Ils s'engagent pour la santé mentale des juristes
Diane Poupeau
2019-04-25 14:40:00
La question est d'importance. À tel point que le Barreau du Québec a lancé l'an passé une étude sur les déterminants de la détresse psychologique et du bien-être dans la profession.
Des étudiants de l'Université McGill n'ont pas attendu que le Barreau prenne ce sujet en main pour s'engager. En 2016, avec leur équipe, Shannon Snow et John George Boynton Payne ont créé Ju(ri)stes en santé (Healthy legal minds) dans le but de promouvoir un changement de culture vers une meilleure santé mentale au sein de la Faculté de droit de l'Université.
« Notre travail a été inspiré par notre environnement immédiat, a expliqué Shannon Snow à Droit-Inc. Quand j'étais en première année, il y avait un comité de santé mentale de l'Association des étudiants. Mais nous avons constaté que les investissements pour le bien-être des étudiants étaient faits sans preuve des causes de leur mal-être ».
Le collectif entend donc proposer des solutions basées sur des données factuelles. Pour ce faire, il lance une étude scientifique sur les causes de la détresse psychologique à la Faculté. Cette étude, la première du genre au Québec, a été financée par l’Association des étudiant.e.s en droit.
Un problème bien plus étendu
L'étude est menée début 2017 avec des psychologues. La moitié des étudiants y prennent part et ses résultats sont parlants.
Deux étudiants sur trois ont ainsi indiqué connaître des problèmes de santé mentale, problèmes qu'ils n'avaient pas avant de commencer leurs études. La moitié d'entre eux affirment que leur expérience en droit à McGill a un impact négatif sur leur bien-être.
Pire, près de 20 % des répondants ont admis qu'ils avaient eu des pensées suicidaires au moins une fois au cours des trois mois précédant l'étude.

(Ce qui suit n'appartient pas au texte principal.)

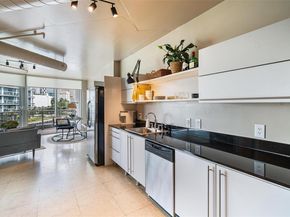 690 SW 1st Ct 501, Miami FL 33130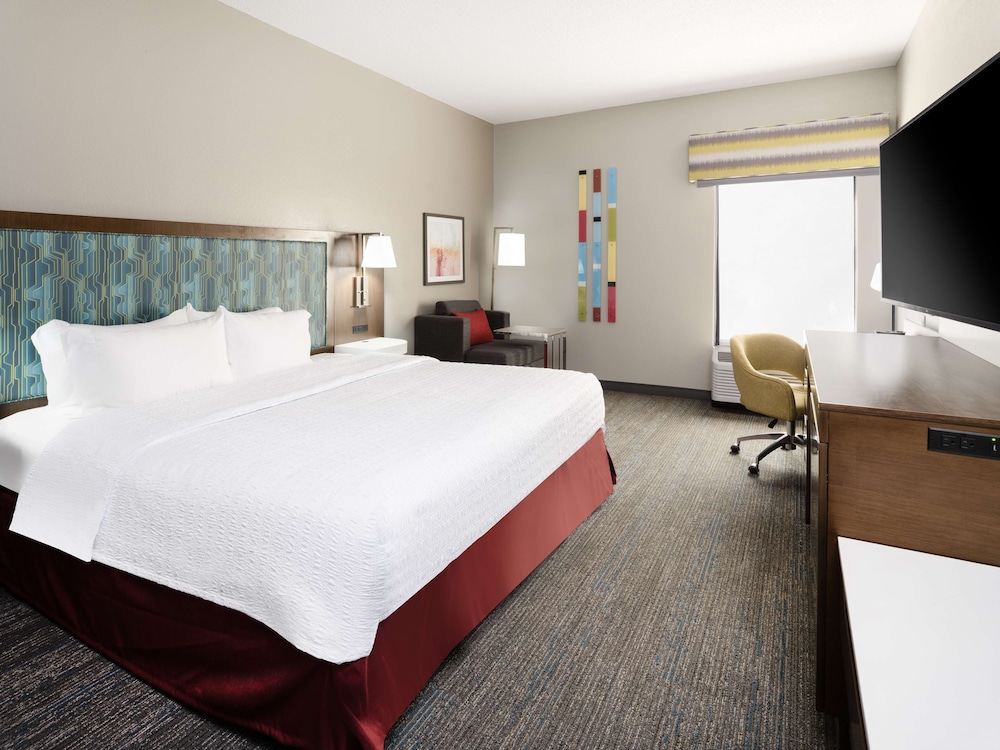One King Bed, Non-Smoking, Accessible - Photo 3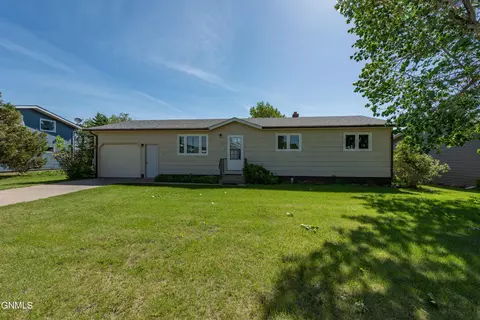 142 Haugen Dr NW, Killdeer, ND 58640 photo 2
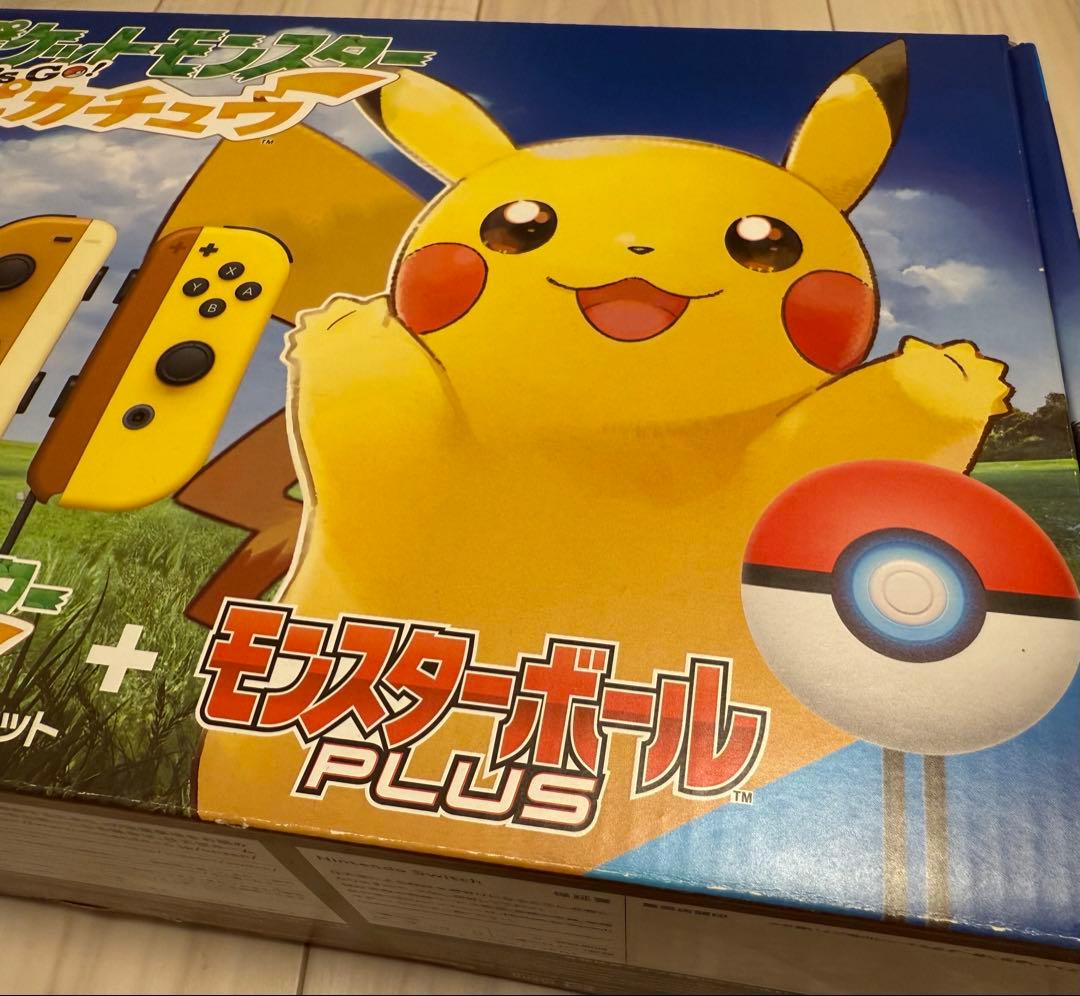 Nintendo Switch ピカチュウデザイン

Quatre facteurs pourraient expliquer que les étudiants en droit souffrent d'une santé mentale précaire : la culture de la performance, une charge de travail inégale couplée à un manque de clarté quant aux attentes des enseignants, la discrimination et l'intimidation, ainsi qu'un accès restreint aux services de santé mentale.
« J'imagine que la situation de McGill n'est pas exceptionnelle », commente Shannon Snow. Selon elle d'ailleurs, tous les membres de la communauté juridique pourraient être concernés.

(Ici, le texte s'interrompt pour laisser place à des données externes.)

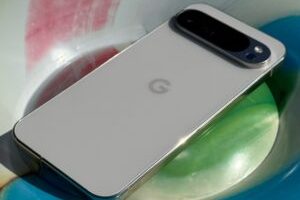 Le Google Pixel 9 Pro XL sur une bouée gonflable en forme de sucette. // Source : Numerama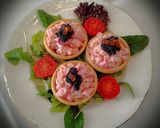 Foto del paso 5 de la receta: Tartaletas de remolacha y langostinos en salsa rosa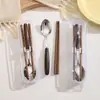 Set de Palillos y Cuchara de Alta Gama Color Nogal, Vajilla Portátil para Oficinistas, Set de Palillos y Cuchara Estilo Ins para Adultos, Set de Dos Piezas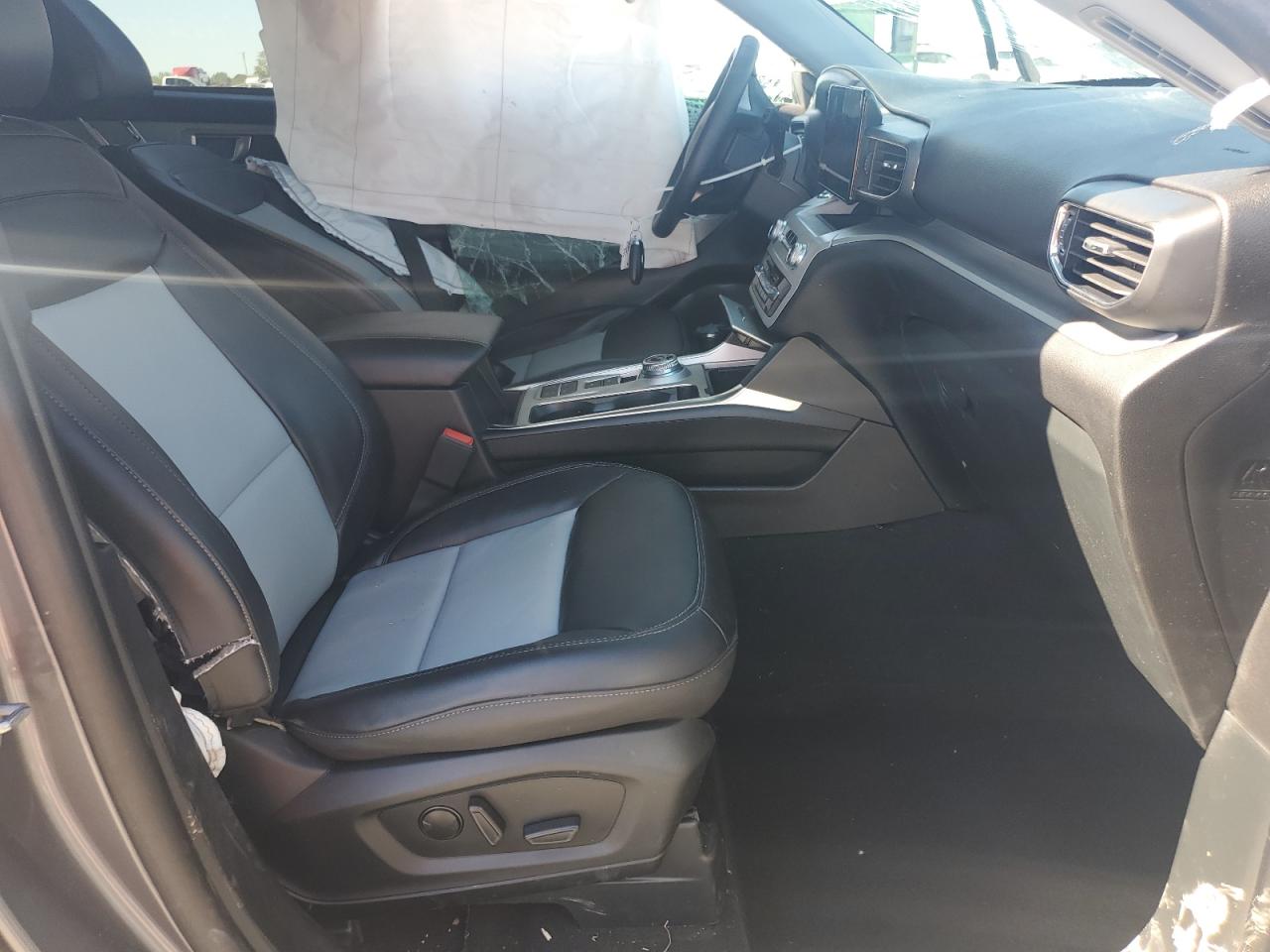 Ford Explorer Xlt Image 8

La crainte de la stigmatisation
À cette dernière cause s'ajoute la crainte d'être stigmatisé. « Parfois, les gens ont conscience d'avoir un problème, mais ils renoncent à demander de l'aide par crainte de la stigmatisation », explique Shannon Snow.
L'initiative de Shannon Snow et John George Boynton Payne porte ses fruits. « Les membres de l'administration de la Faculté et les associations étudiantes utilisent ce rapport pour prendre des décisions financières sur le bien-être ».
Depuis, un poste de conseiller en bien-être intégré à la Faculté a été créé. Un programme de mentorat a également été mis en place cet hiver.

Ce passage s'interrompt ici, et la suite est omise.